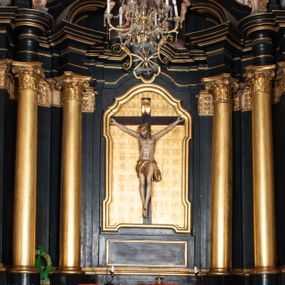 Zdjęcie nr 1: Ołtarz boczny przyjął formę przyściennej, jednokondygnacyjnej i jednoosiowej struktury architektonicznej ze zwieńczeniem. Drewniany stipes ołtarzowy w formie sarkofagu na cokole ustawiono na trójstopniowym podeście. Całą nastawę ustawiono na wysokim, dwustrefowym postumencie, na którym wsparto niski cokół, podtrzymujący zwielokrotnione pilastry o gładkich trzonach i głowicach korynckich oraz flankujący kondygnację dwie pary kolumn. Podpory wspierają wklęsło-wypuklę belkowanie wyłamane na osi kolumn, z umieszczonym na nim na osi pola obrazowego fantazyjnym kartuszem z przedstawieniem gołębicy jako Ducha Świętego. Na belkowaniu, na osi kolumn skrajnych, usytuowano rzeźby stojących aniołów, a na osi kolumn środkowych elementy półkolistego, przerwanego przyczółku z siedzącymi dwoma aniołkami. Zwieńczenie uzyskało kształt leżącego prostokąta o wklęsłych bokach, przechodzących w spływy wolutowe z pilastrami flankującymi pole obrazowe, podtrzymujące wyłamany na osi pilastrów i nadwieszone nad polem obrazowym profilowany gzyms koronujący. Na osi pilastrów ustawiono na nim dwa przyczółki faliste, a na osi retabulum promienistą glorię z chrystogramem "IHS" otoczonym obłokami. Pole obrazowe w kondygnacji uzyskało kształt stojącego prostokąta ujętego profilowaną ramą o nieznacznie wklęsłych bokach i podstawie, zwieńczonego łukiem nadwieszonym z uskokiem. W nim na złoconym tle zawieszono drewniany krucyfiks. Poniżej pola widoczna jest podłużna, prostokątna płycina. W polu zwieńczenia w kształcie obramionego profilem stojącego prostokąta zamkniętego nadwieszonym łukiem odcinkowym zainstalowano obraz z okiem Bożej Opatrzności. Całość retabulum polichromowano na czarno, natomiast kolumny, głowice pilastrów, profile o szaty aniołów i ich skrzydła wyzłocono. Rzeźby aniołów uzyskały polichromię naturalistyczną.    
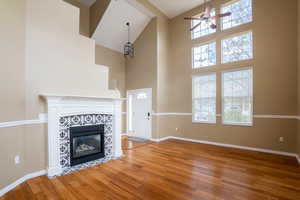 Unfurnished living room featuring a tiled fireplace, ceiling fan, light wood finished floors, and vaulted ceiling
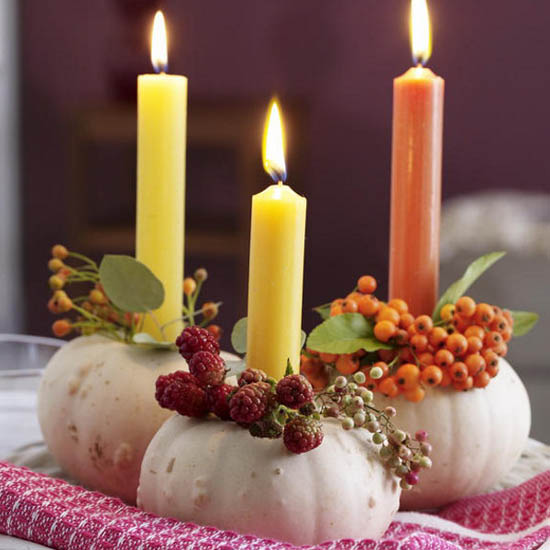 candle centerpieces made with white pumpkins, rowan berries and rose hips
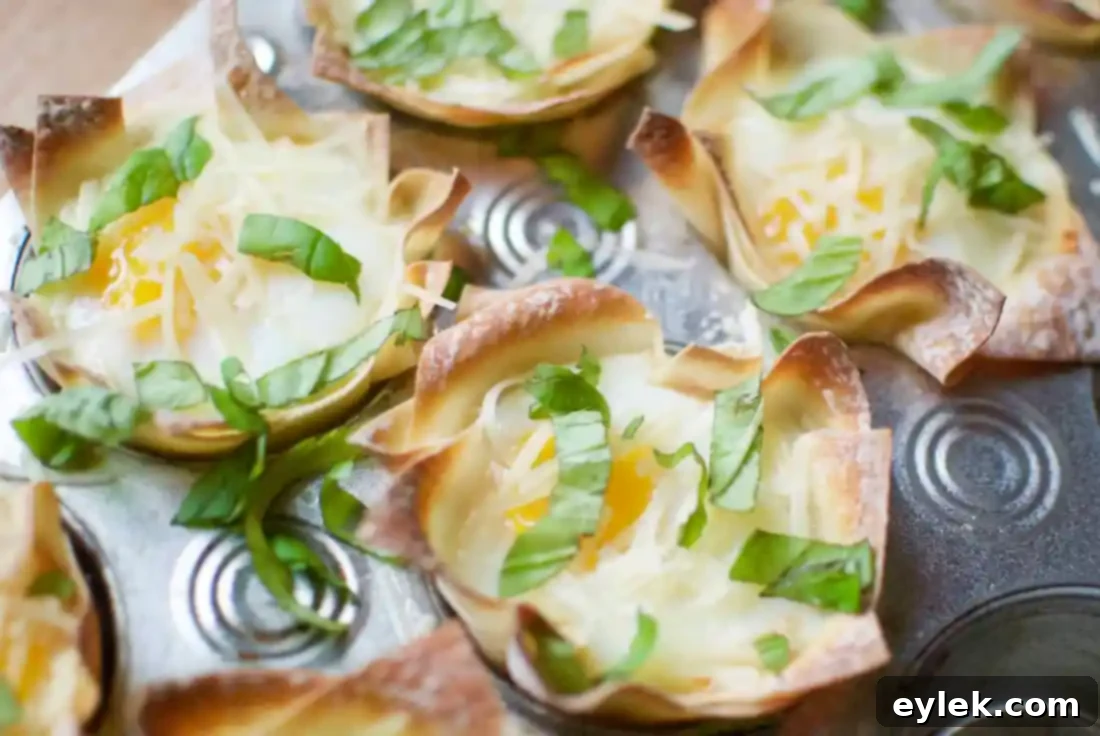 Tray of baked Italian Egg Wonton Cups, fresh from the oven, before garnishing.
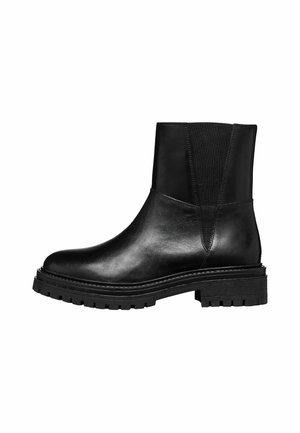 Stivaletto in pelle nera con pannelli laterali elastici, punta arrotondata, suola spessa a ragno e una texture liscia. Presenta un design minimalista e una costruzione robusta.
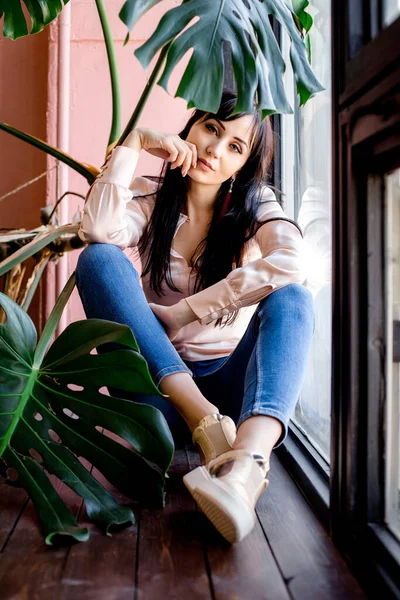 Sad Asian young woman brunette sitting on the window of the house alone, looking thoughtfully at the camera. Nostalgia — Stock Photo, Image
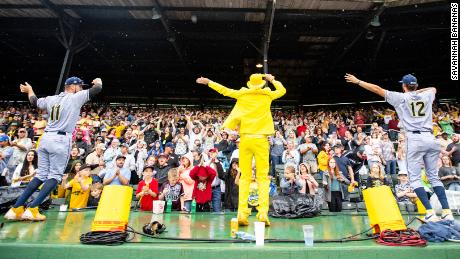 Jesse Cole, center, hypes up the crowd.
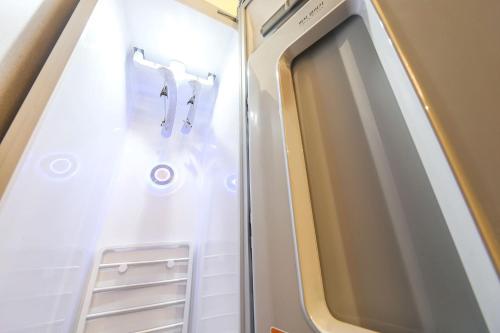 an empty refrigerator in an airplane at Masan First Class Hotel in Changwon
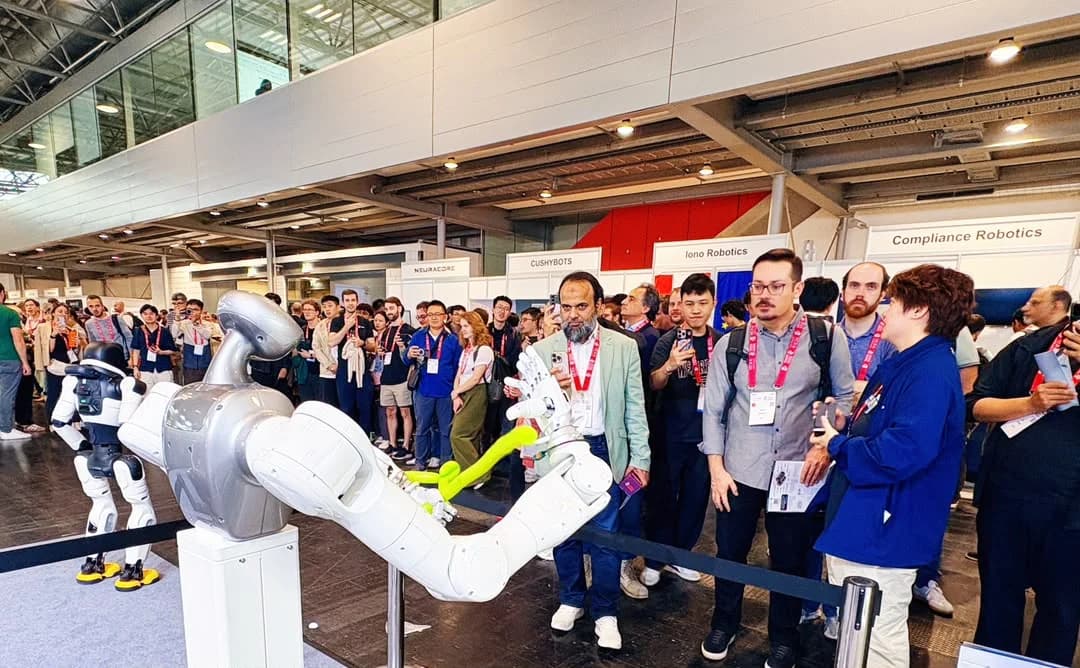 A dense crowd of attendees at an exhibition booth watching an AGILINK robotic arm manipulate a bright green balloon behind a safety barrier.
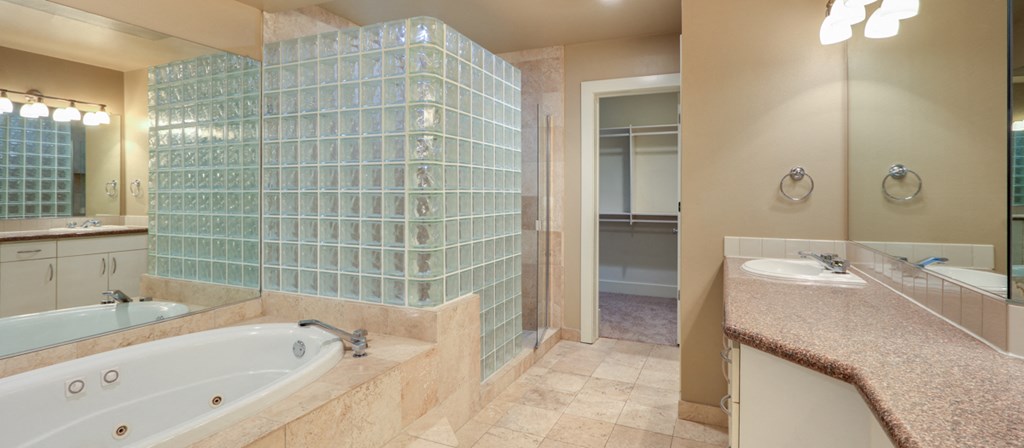 a bathroom with a tub and a shower and a sink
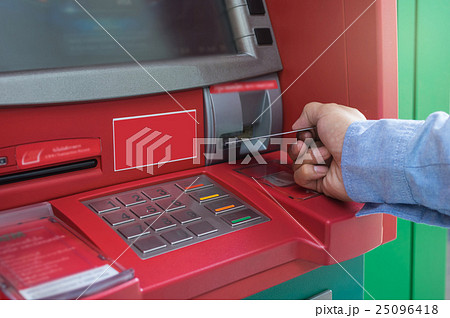 Closeup of male hands using and with insert ATM card into bank machine for withdraw the money, business technology banking concept 25096418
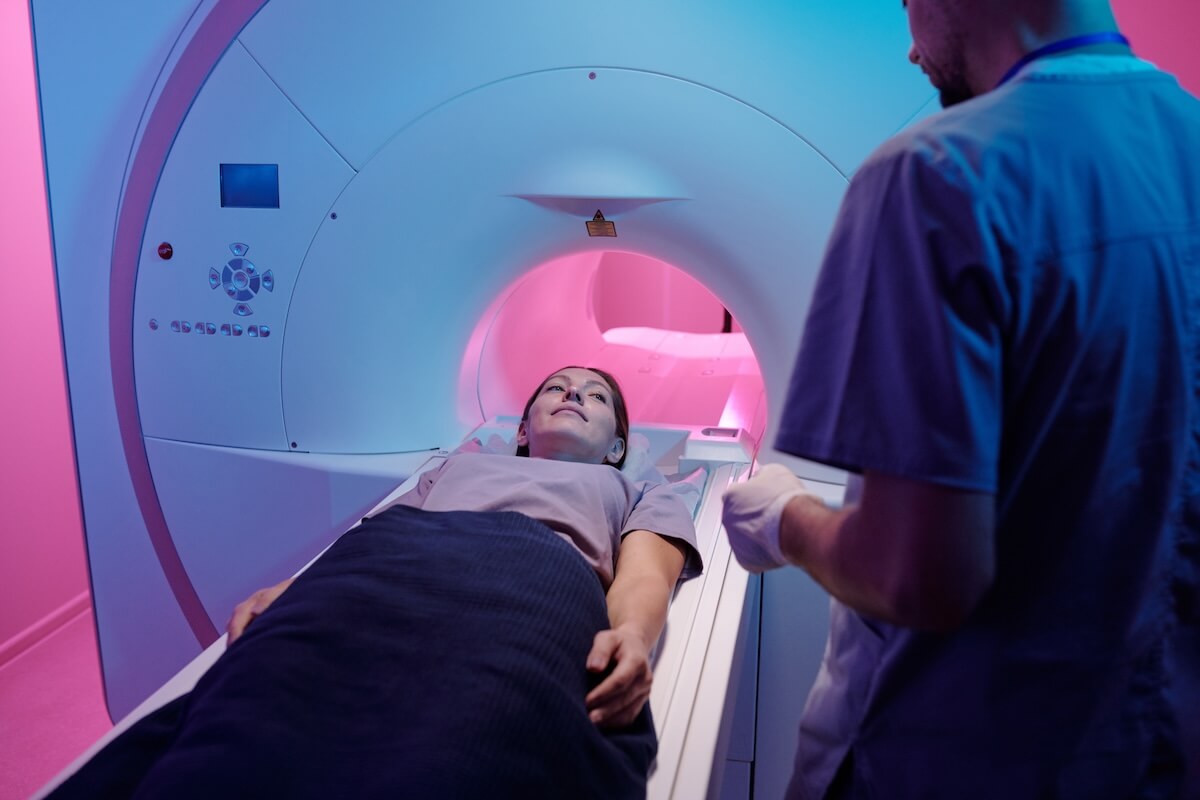 Child undergoing MRI scan with medical technician assisting during diagnostic imaging procedure
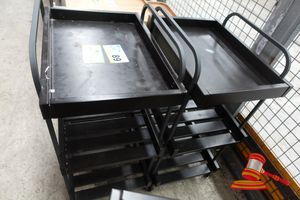 2 X MOBILE SALON TROLLEYS, BLACK METAL, MULTI-TIER WITH SLATTED SHELVES, ON CASTERS, APPROX; 480MM D X 360MM W X 770MM H, SOME MARKS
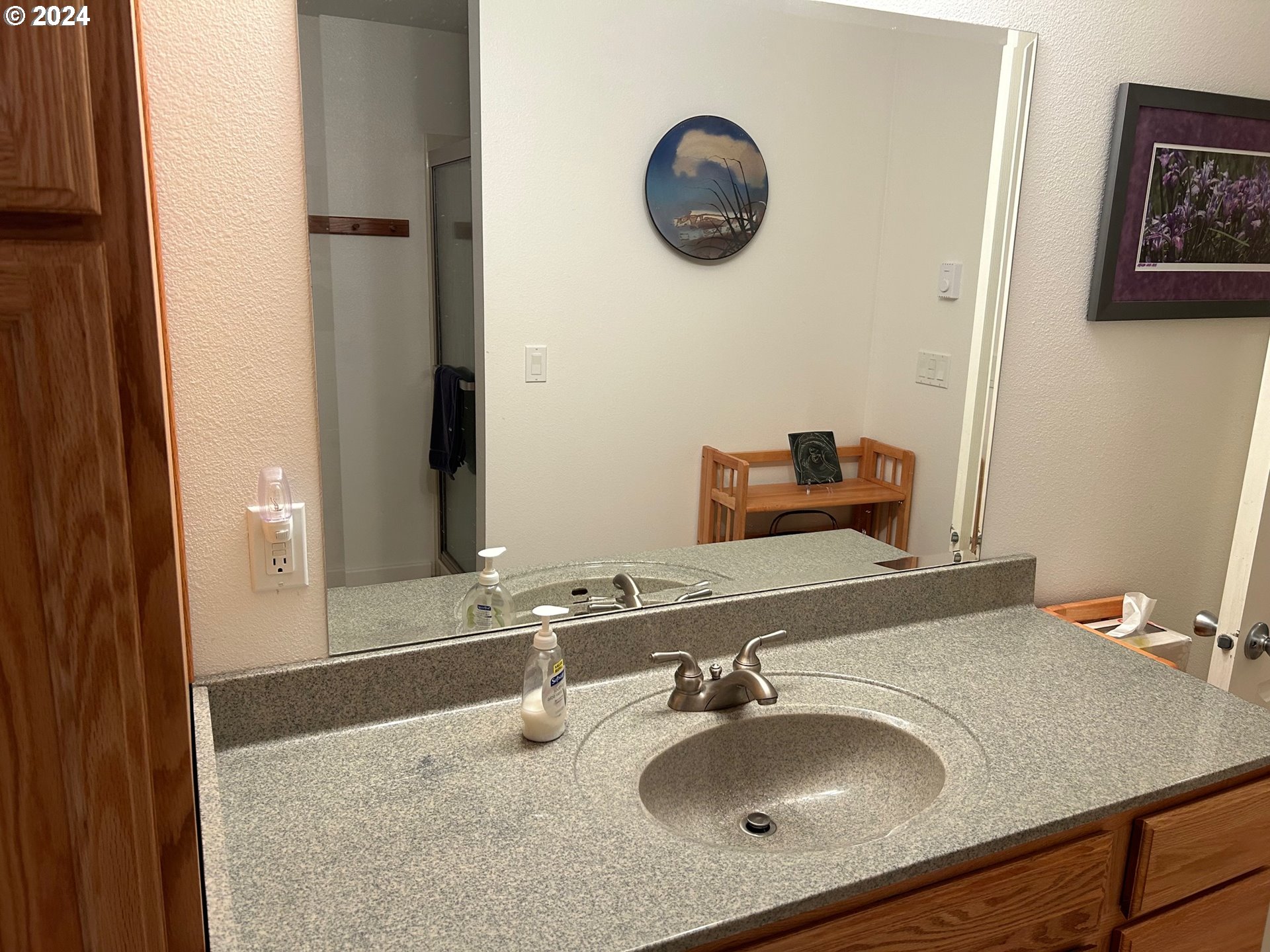 87179 Munsel Lake Road Florence, OR 97439 - Photo 19 of 27 a bathroom with a sink and a mirror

====================

> **Exercise requirements**
Where an image appears in the data, skip it, and return the rest verbatim.

> **Answer for this exercise**
 Zdjęcie nr 1: Ołtarz boczny przyjął formę przyściennej, jednokondygnacyjnej i jednoosiowej struktury architektonicznej ze zwieńczeniem. Drewniany stipes ołtarzowy w formie sarkofagu na cokole ustawiono na trójstopniowym podeście. Całą nastawę ustawiono na wysokim, dwustrefowym postumencie, na którym wsparto niski cokół, podtrzymujący zwielokrotnione pilastry o gładkich trzonach i głowicach korynckich oraz flankujący kondygnację dwie pary kolumn. Podpory wspierają wklęsło-wypuklę belkowanie wyłamane na osi kolumn, z umieszczonym na nim na osi pola obrazowego fantazyjnym kartuszem z przedstawieniem gołębicy jako Ducha Świętego. Na belkowaniu, na osi kolumn skrajnych, usytuowano rzeźby stojących aniołów, a na osi kolumn środkowych elementy półkolistego, przerwanego przyczółku z siedzącymi dwoma aniołkami. Zwieńczenie uzyskało kształt leżącego prostokąta o wklęsłych bokach, przechodzących w spływy wolutowe z pilastrami flankującymi pole obrazowe, podtrzymujące wyłamany na osi pilastrów i nadwieszone nad polem obrazowym profilowany gzyms koronujący. Na osi pilastrów ustawiono na nim dwa przyczółki faliste, a na osi retabulum promienistą glorię z chrystogramem "IHS" otoczonym obłokami. Pole obrazowe w kondygnacji uzyskało kształt stojącego prostokąta ujętego profilowaną ramą o nieznacznie wklęsłych bokach i podstawie, zwieńczonego łukiem nadwieszonym z uskokiem. W nim na złoconym tle zawieszono drewniany krucyfiks. Poniżej pola widoczna jest podłużna, prostokątna płycina. W polu zwieńczenia w kształcie obramionego profilem stojącego prostokąta zamkniętego nadwieszonym łukiem odcinkowym zainstalowano obraz z okiem Bożej Opatrzności. Całość retabulum polichromowano na czarno, natomiast kolumny, głowice pilastrów, profile o szaty aniołów i ich skrzydła wyzłocono. Rzeźby aniołów uzyskały polichromię naturalistyczną.    
 Unfurnished living room featuring a tiled fireplace, ceiling fan, light wood finished floors, and vaulted ceiling
 candle centerpieces made with white pumpkins, rowan berries and rose hips
 Tray of baked Italian Egg Wonton Cups, fresh from the oven, before garnishing.
 Stivaletto in pelle nera con pannelli laterali elastici, punta arrotondata, suola spessa a ragno e una texture liscia. Presenta un design minimalista e una costruzione robusta.
 Sad Asian young woman brunette sitting on the window of the house alone, looking thoughtfully at the camera. Nostalgia — Stock Photo, Image
 Jesse Cole, center, hypes up the crowd.
 an empty refrigerator in an airplane at Masan First Class Hotel in Changwon
 A dense crowd of attendees at an exhibition booth watching an AGILINK robotic arm manipulate a bright green balloon behind a safety barrier.
 a bathroom with a tub and a shower and a sink
 Closeup of male hands using and with insert ATM card into bank machine for withdraw the money, business technology banking concept 25096418
 Child undergoing MRI scan with medical technician assisting during diagnostic imaging procedure
 2 X MOBILE SALON TROLLEYS, BLACK METAL, MULTI-TIER WITH SLATTED SHELVES, ON CASTERS, APPROX; 480MM D X 360MM W X 770MM H, SOME MARKS
 87179 Munsel Lake Road Florence, OR 97439 - Photo 19 of 27 a bathroom with a sink and a mirror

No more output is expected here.